Whether a customer is reacting to something massive like losing everything in a natural disaster, or something minor like an online order delivered to the wrong address, the development and understanding of soft skills are necessary for any customer service representative.
By definition, soft skills refer to the humanistic qualities put forward during customer interactions. They require patience, understanding, and compassion. Soft skills aren’t necessarily taught in school, and they may come more naturally for some than for others. But focusing on, and mastering these skills aren’t only necessary for making the customer experience easier, they are also important tools for maintaining a sense of calm and patience during difficult interactions.
Below are a few of what we feel are the most important soft skills that any customer service representative should resolve to further develop in 2023:
Empathy is arguably the most important soft skill to develop for customer service representatives and acts as a cornerstone for most others. Empathy allows for CSRs to imagine themselves in the same situation as their customer on the other end of the interaction. Leading with empathy may be a struggle during times in which customers have an outsized reaction to a relatively minor issue, and particularly challenging when a customer is relaying a devastating loss.
As a soft skill for CSRs, empathy is less an invitation to completely absorb a customer’s current mental or emotional state, and more of a means to connect with someone on a deeper level and provide a meaningful level of care and support. Developing empathy as a skill can be tricky, as it can be classified more as a feeling and a state of being than a tool for a direct course of action. Still, without a strong sense of intrinsic empathy in each customer service interaction, other soft skills may be more difficult to access.
Similar to empathy, positivity is less of “a thing you do” and more of “a feeling that you embody.” In practice, positivity helps set the tone of customer interactions, allowing the person on the other end of the line to feel more at ease with a CSR. Do you ever feel a smile through the phone? That’s the goal.
Maintaining a positive attitude during difficult customer interactions is no easy task, but a commitment to remaining cheerful, upbeat, and helpful is a critical part of the job. Not only does a strict adherence to positivity instill customers with a sense of comfort, but it can also prevent objectionable callers from escalating a difficult situation.
Agility and Flexibility
Agility and flexibility are what allow customer service representatives to quickly adapt to the specific needs and wants of each new customer they interact with. These soft skills require a great deal of problem-solving capabilities and the ability to think on one’s feet in a quick, decisive manner.
The cultivation of these skills may be dependent on a customer service representative’s knowledge of the resources at their disposal to address a wide array of customer complaints and objections. Don’t feel too discouraged if it takes more time to develop these soft skills than others. Learning about specific processes and procedures inside and out may take years, but once these soft skills are locked in, they will remain with you for the long term.
Critical thinking may be compared to flexibility and agility, as it can also allow customer service representatives to resolve issues in a timely manner. But critical thinking can also require more creativity and situational analysis than other soft skills. For interactions without clear solutions or helpful resources, critical thinking is essential for uncovering the next steps and ways to resolve customer objections.

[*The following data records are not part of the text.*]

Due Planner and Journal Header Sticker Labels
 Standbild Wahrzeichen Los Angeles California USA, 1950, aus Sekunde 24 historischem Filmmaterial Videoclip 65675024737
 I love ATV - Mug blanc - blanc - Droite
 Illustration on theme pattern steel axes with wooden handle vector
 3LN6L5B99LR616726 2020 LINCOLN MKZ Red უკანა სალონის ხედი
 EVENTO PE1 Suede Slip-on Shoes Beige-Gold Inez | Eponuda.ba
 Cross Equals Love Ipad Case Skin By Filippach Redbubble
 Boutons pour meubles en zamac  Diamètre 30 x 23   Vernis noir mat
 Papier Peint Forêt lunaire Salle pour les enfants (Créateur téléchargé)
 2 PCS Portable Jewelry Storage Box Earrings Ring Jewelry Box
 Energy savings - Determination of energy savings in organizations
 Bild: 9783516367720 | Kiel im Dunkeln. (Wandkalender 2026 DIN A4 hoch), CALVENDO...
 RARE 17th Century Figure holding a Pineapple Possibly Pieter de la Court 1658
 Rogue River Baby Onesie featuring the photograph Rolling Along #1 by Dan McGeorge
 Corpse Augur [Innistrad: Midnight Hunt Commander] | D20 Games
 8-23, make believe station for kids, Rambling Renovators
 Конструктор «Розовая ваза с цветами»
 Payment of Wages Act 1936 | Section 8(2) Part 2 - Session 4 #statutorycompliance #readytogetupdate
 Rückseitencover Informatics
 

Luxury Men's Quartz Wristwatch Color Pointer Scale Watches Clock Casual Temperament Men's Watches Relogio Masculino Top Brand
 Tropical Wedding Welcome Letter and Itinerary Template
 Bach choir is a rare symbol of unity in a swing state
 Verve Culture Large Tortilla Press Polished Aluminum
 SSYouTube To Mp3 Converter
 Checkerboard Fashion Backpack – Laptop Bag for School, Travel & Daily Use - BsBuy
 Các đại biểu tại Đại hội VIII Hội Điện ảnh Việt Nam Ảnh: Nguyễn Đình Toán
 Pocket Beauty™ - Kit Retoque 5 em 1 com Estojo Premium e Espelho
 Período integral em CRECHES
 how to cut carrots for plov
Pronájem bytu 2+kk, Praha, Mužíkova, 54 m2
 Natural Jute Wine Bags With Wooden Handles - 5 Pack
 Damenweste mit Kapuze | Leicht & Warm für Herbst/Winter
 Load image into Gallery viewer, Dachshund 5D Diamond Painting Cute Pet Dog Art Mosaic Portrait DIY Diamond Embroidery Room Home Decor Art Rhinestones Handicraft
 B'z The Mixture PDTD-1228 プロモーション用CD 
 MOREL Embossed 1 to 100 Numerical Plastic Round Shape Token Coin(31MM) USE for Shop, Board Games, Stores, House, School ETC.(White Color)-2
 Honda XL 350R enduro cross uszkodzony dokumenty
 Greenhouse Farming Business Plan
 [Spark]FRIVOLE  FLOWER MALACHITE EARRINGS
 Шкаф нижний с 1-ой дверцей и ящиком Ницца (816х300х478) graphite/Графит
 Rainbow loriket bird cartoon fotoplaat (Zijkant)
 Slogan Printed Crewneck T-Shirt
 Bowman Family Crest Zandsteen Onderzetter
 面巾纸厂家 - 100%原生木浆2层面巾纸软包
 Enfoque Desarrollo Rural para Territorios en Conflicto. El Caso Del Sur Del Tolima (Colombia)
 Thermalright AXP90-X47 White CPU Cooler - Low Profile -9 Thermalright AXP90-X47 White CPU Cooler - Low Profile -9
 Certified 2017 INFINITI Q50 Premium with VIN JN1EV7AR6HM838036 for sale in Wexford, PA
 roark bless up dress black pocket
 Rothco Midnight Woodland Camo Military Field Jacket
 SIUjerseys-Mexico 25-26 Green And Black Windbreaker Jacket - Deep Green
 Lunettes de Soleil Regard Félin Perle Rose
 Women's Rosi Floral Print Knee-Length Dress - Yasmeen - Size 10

This soft skill encourages customer service representatives to delve deeper and learn as much about the customer’s situation as possible to determine how to best address their objections in lieu of any obvious answers. More than flexibility and agility, critical thinking also requires immense amounts of patience, focus, and a deep understanding of the capabilities of the businesses you are representing. Balancing these traits with the ability to provide reassurance to a customer in need is a skill that can take a very long time to develop.
While soft skills cannot be taught in the same way as more technical and analytical processes, they do require a similar amount of practice and development to get right. Even if these skills can also be seen as innate, human traits, we are all well aware of how high-stress situations may cause us to act outside of our own best interests. Unfortunately, this luxury isn’t expected from customer service representatives
The mastery of soft skills not only requires adequate training and discipline but also a focus on mental health resources and appropriate outlets to vent frustrations and relieve the pressure felt from objectionable customer interactions. Remember, the practicing of soft skills need not be exclusive to customer interactions. When experiencing high levels of stress, consider taking what you’ve learned from developing soft skills and treat yourself with the same level of compassion and humanity that you would a customer on the other end of the line.